The clinical utility of magnetic resonance spectroscopy and magnetic resonance imaging (MRI) of nuclei such as 13C and 15N has lagged behind 1H MRI largely because of the inherent low sensitivity of detecting these nuclei in tissues.
Liquid-phase dynamic nuclear polarization technology overcomes this low-sensitivity problem by creating nuclear spin-polarization levels that are much higher than room-temperature Boltzman levels.
DNP works by transferring electron-spin polarization from a paramagnetic polarizing agent to coupled nuclear spins by microwave irradiation in the frozen glass matrix. Dramatic 13C and 15N signal enhancements, often more than 10,000-fold, occur after the dissolution of the sample. These enhancements offer the exciting prospect of imaging 13C- and 15N-enriched metabolites in vivo.
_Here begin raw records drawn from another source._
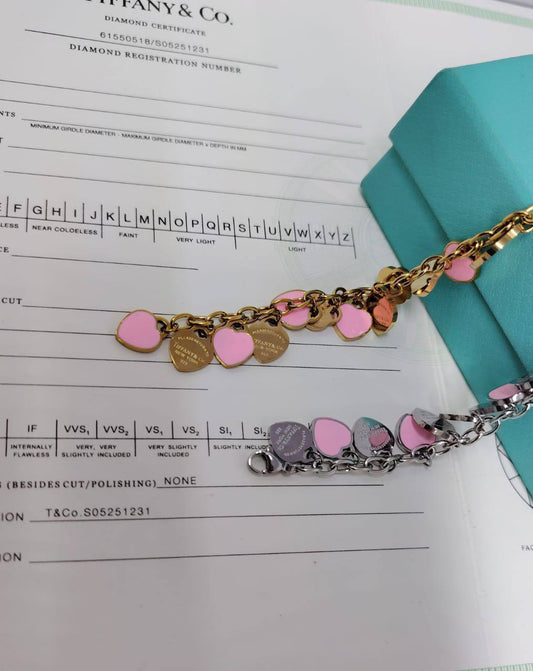 Tiffany ❤️‍🔥*
Bracelet 🦋
good quality 💯
Non tarnish 💯
With normal boxes 🗃️ 
And paper bag 🛍️
45 dhs❣️
With master box 🗃️ 
85 dhs❣️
MR imaging with hyperpolarized nuclei could combine sensitivity approaching that of PET with the resolution of MRI.
We are also interested in the DNP of ultra-low-gamma nuclei such as 89Y and 107,109Ag.
The signal from hyperpolarized nuclei decays by spin-lattice (T1) relaxation. Low-gamma nuclei such as 89Y and 15N usually have very slow T1 relaxation, making hyperpolarized 89Y or 15N attractive as potential in vivo imaging and spectroscopy probes.
DNP NMR spectra of various silver complexes. 
T1 decay of the hyperpolarized magnetization of 89Y-DOTA complex.